Women’s access to healthcare also varies significantly across countries and even within countries. These variations have large repercussions since well-paying jobs and access to childcare services and healthcare play a crucial role in women’s ability to carry out their fertility intentions and to plan the timing and spacing of pregnancies and births.
In many developing countries, the pressures of having children whilst employed often relegates women to the informal sector, where the work arrangements are insecure and also lack important safeguards for pay and working conditions, according to the United Nations.
The relationship between women’s reproductive decisions are likely to be linked to employment decisions, since women may rely mainly on the informal sector for employment in their pursuit of flexibility, particularly during their peak childbearing years.
INTERSECTIONS OF WOMEN’S ECONOMIC AND REPRODUCTIVE EMPOWERMENT
In the developing world, women end up being relegated to the informal sector as they aim to balance care responsibilities with participation in the labour market. The “choice” of formal and informal work will vary and is greatly influenced by women’s reproductive empowerment, which includes women’s ability to make decisions around fertility, expressing their sexual rights, and the accessibility to a full range of reproductive healthcare services.
Recent studies found that home-based workers cited the ability to combine paid care work and childcare as the primary reason they engaged in home-based care.
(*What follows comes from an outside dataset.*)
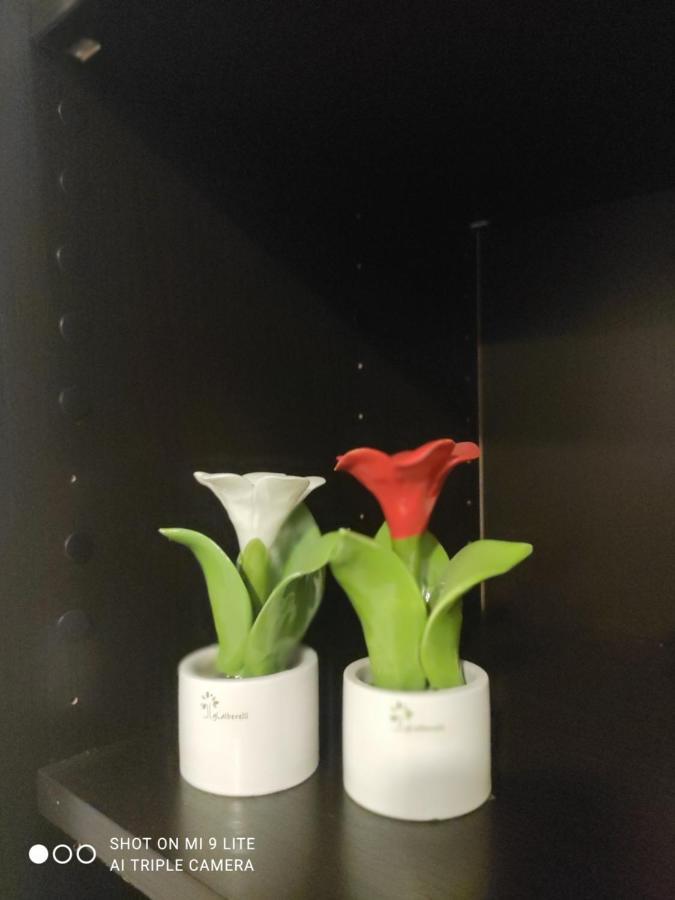 Casa Vacanze Zia Rose 나폴리 외부 사진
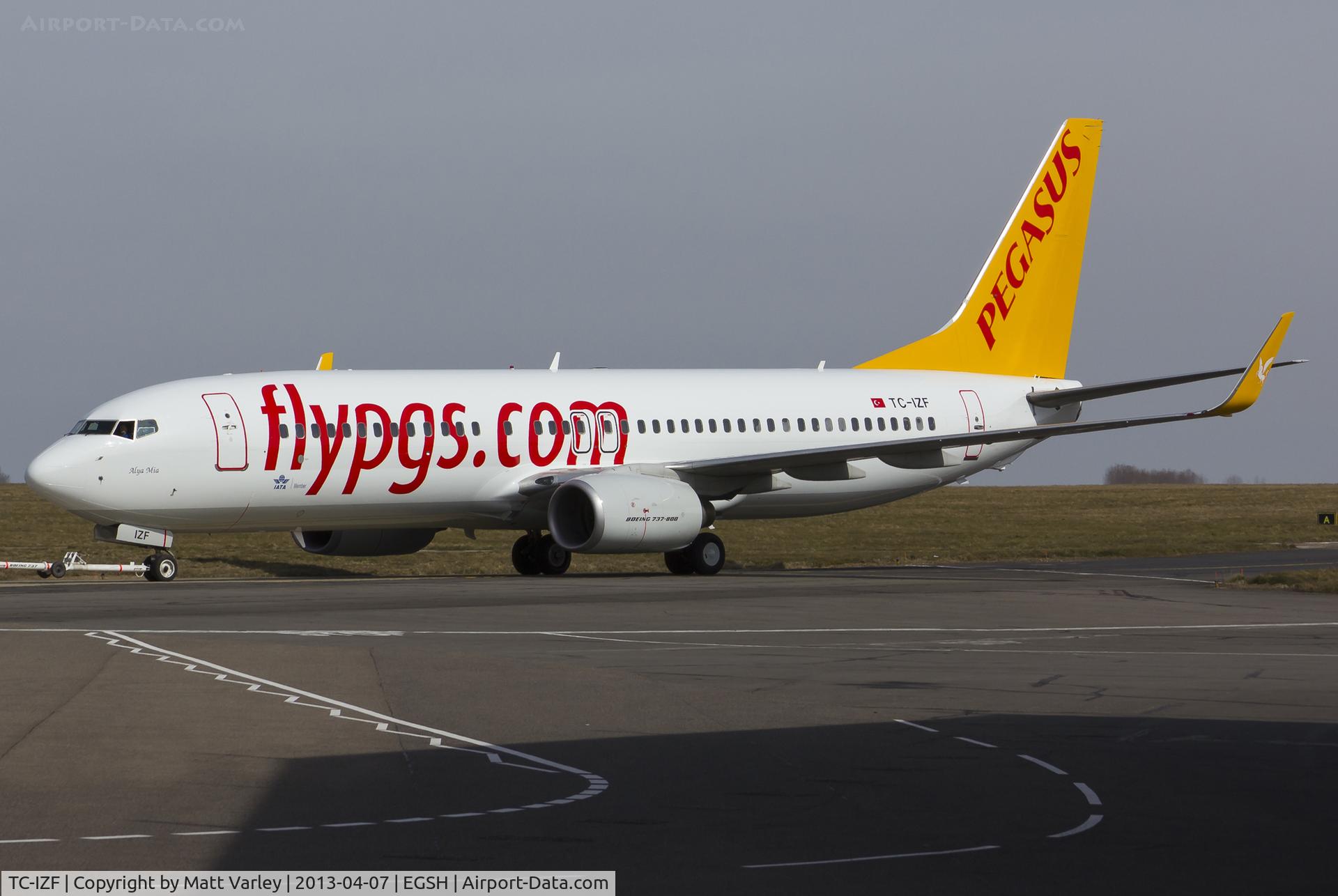 TC-IZF, 2001 Boeing 737-86J C/N 30880, Fresh out of spray in PGT C/S.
Moreover, women who held low-skilled jobs decided to start their own micro-businesses rather than return to formal work after having children.
In countries where the economy favours more formal employment and statutory rights to maternity and paternity leave, and where there is more extensive social protection and more effective labour market institutions, more women are likely to work in the formal economy.
Financial empowerment of women – their choice of where and when to work is linked to reproductive empowerment and the choice about the timing, spacing, and number of children to have.